With the images left out, print every entry that follows exactly.

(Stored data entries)
>>>
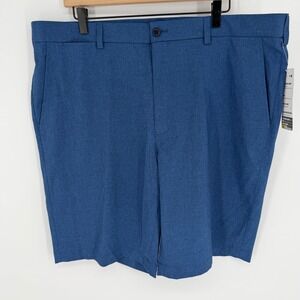 Grand Slam Performance Golf Shorts Mens 40 Blue NWT Stretch Comfort‎ 360 UPF 50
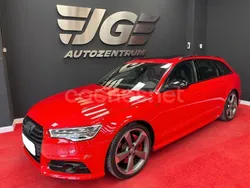 Rojo Usado 2016 Audi A6 Competition Familiar | 31.999 € (Buen precio)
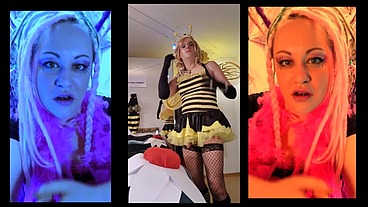 Jerk off to the Gay Bumble bee everyday and feel like a Homosexual By Goddess Lana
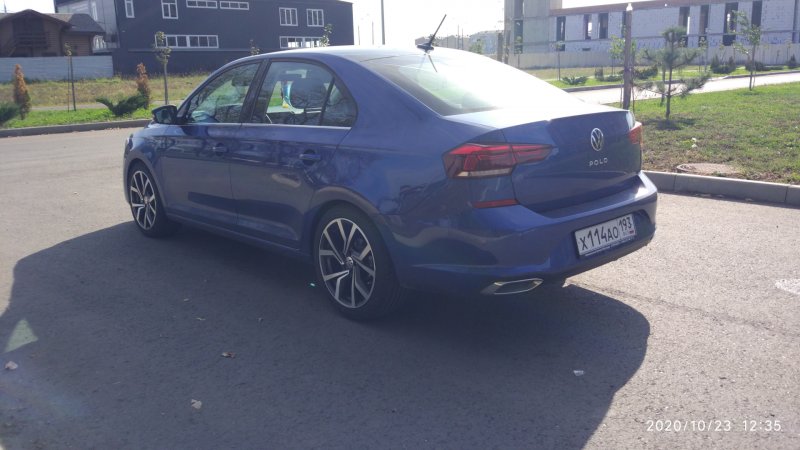 Volkswagen Polo 2020 Liftback диски r17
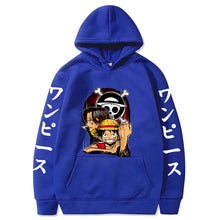 One Piece Hoodie Luffy One Piece Manga Fleece Hoodie
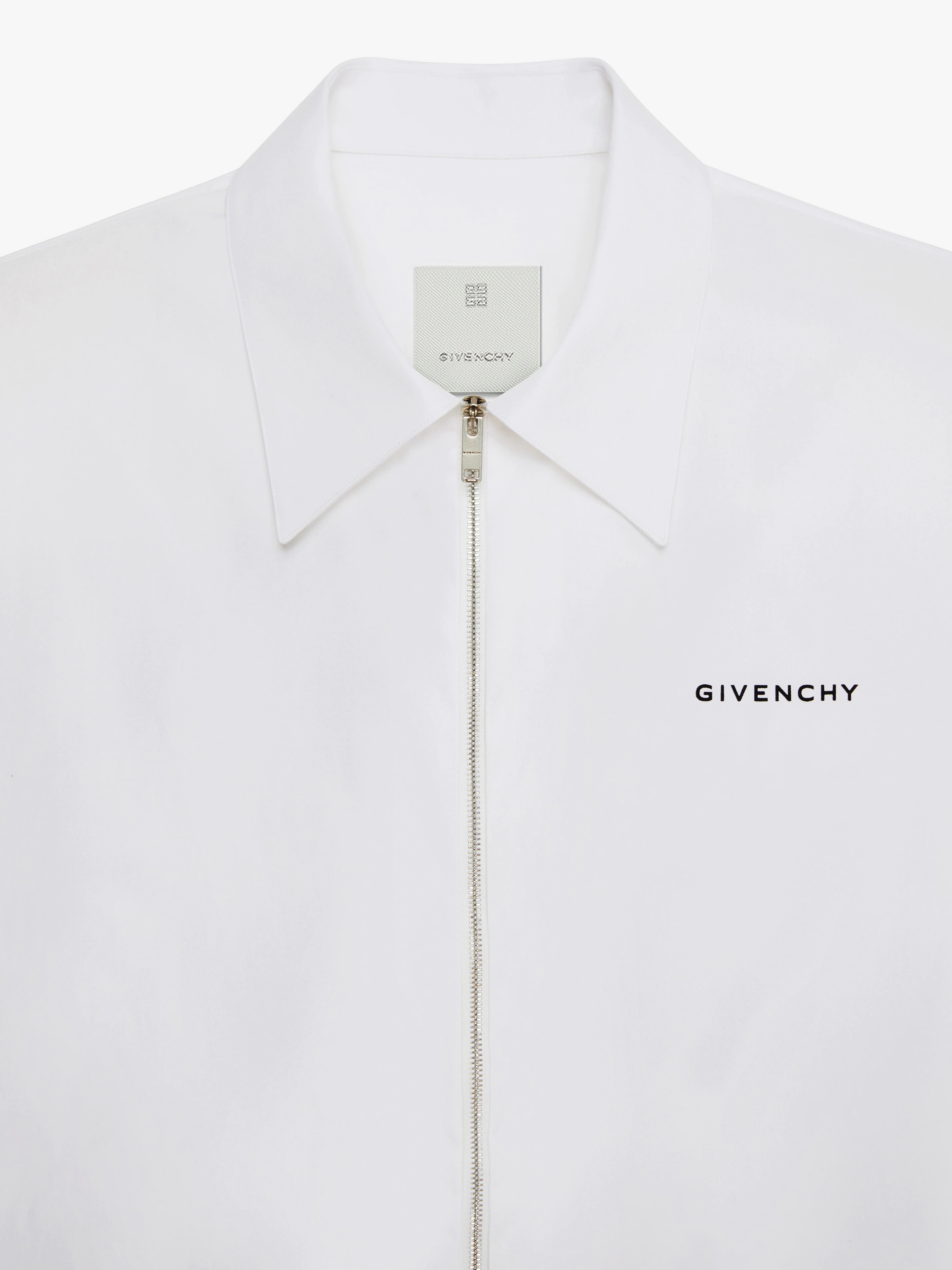 SHIRT IN POPLIN WITH PRINT - 6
<<<
__Result of this task__.
 Grand Slam Performance Golf Shorts Mens 40 Blue NWT Stretch Comfort‎ 360 UPF 50
 Rojo Usado 2016 Audi A6 Competition Familiar | 31.999 € (Buen precio)
 Jerk off to the Gay Bumble bee everyday and feel like a Homosexual By Goddess Lana
 Volkswagen Polo 2020 Liftback диски r17
 One Piece Hoodie Luffy One Piece Manga Fleece Hoodie
 SHIRT IN POPLIN WITH PRINT - 6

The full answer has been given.